The town, though situated little more than six feet above high water mark of spring tides, is considered healthy, the air being pure and salubrious; and the surrounding scenery is richly diversified and, in many parts, picturesque. An extended range of mountains, 1100 feet in height, rises at the distance of two miles to the north-west; and within the limits of the parish is Divis mountain, 1567 feet above the level of the sea at low water. The views down the lough in a north-eastern direction are strikingly beautiful, the shores on both sides being decorated with elegant country seats and plantations. The inhabitants have long been distinguished for their zealous encouragement of literary pursuits, and the first edition of the Bible ever published in Ireland was printed at Belfast in the year 1704. In this town also was established, in 1737, the Belfast News Letter, the first newspaper ever printed in the North of Ireland: there are now several others, also a Mercantile Register and monthly periodicals.

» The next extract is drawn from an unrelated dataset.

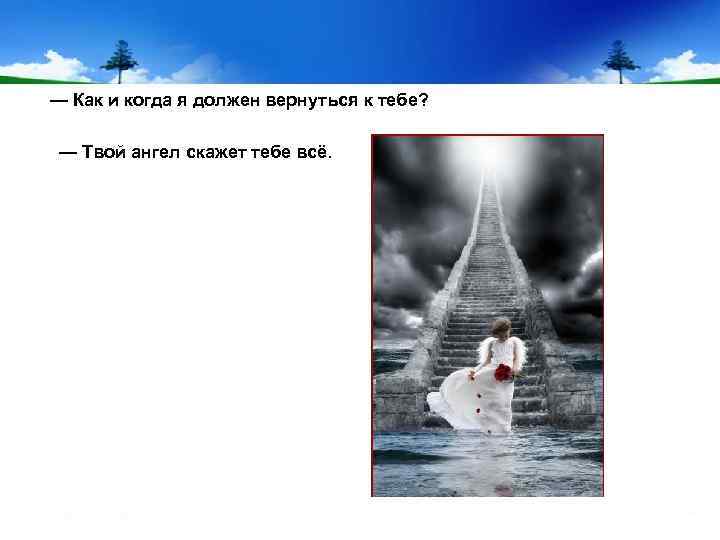  — Как и когда я должен вернуться к тебе? — Твой ангел скажет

The Belfast Society for Promoting Knowledge, established in 1788, is supported by annual subscriptions of one guinea; the library contains more than 8000 volumes, and there are a cabinet of minerals, and a valuable philosophical apparatus. The Literary Society, for improvement in literature, science, antiquities, and the arts, was established in 1801; and the Historic Society, for the study of general history, the British laws and constitution, and the cultivation of oratory, in 1811. The Natural History Society, established in 1821, has recently erected a very handsome building: the lower story is an imitation of the Choragic monuments of Thrasyllus, with a portico, which is an exact copy of that of the octagon tower of Andronicus at Athens; and the upper portions are designed after the model of the temple of Minerva: the interior comprises several spacious, lofty, and elegant apartments, with lecture-rooms, an observatory, and a very valuable museum. The Botanic Gardens were formed in connection with the Natural History Society, by some of the members, who, in 1827, purchased for that purpose about 16 acres of land, on the banks of the Lagan, about a mile from the town, on the Malone road: they are under the direction of a committee of 21, elected from the holders of 500 shares of five guineas each, of whom those holding less than four shares pay also a subscription annually; the society has expended more than £4000 on these gardens, to which persons may subscribe without being shareholders.

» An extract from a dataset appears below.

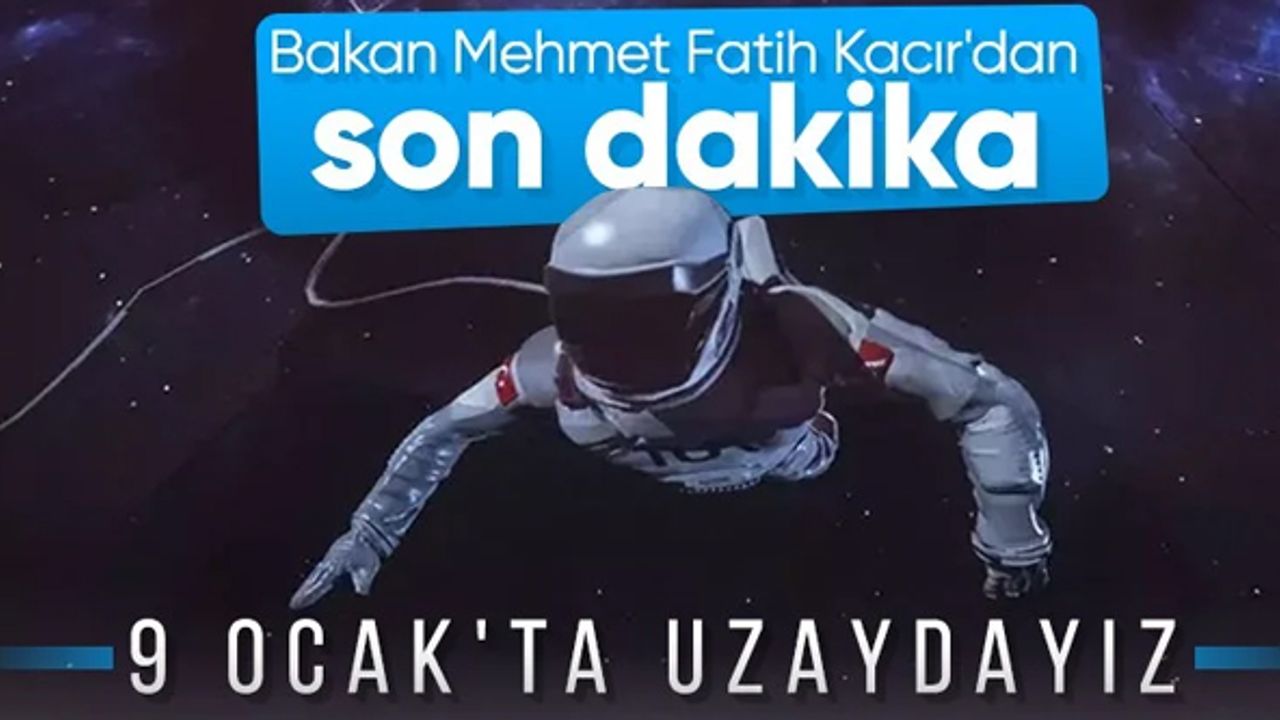 İlk Türk uzay yolcusunun gidiş tarihi belirlendi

A spacious and handsome news-room, to which respectable strangers have free access, on entering their names in a book kept for the purpose, occupies the lower story of the Commercial Buildings: there is another large news-room in one of the wings of the White Linen Hall; a third has been recently opened in connection with the office of the Northern Whig newspaper, and a fourth under the patronage of the Belfast Society. Over the exchange is an elegant suite of assembly-rooms; there are also others in the Commercial Buildings, and there is a neat theatre in Arthur-street. On the north-eastern side of the town are artillery and infantry barracks; and a town-major is regularly appointed, this being nominally a garrison town: it is also a chief constabulary police station for the county.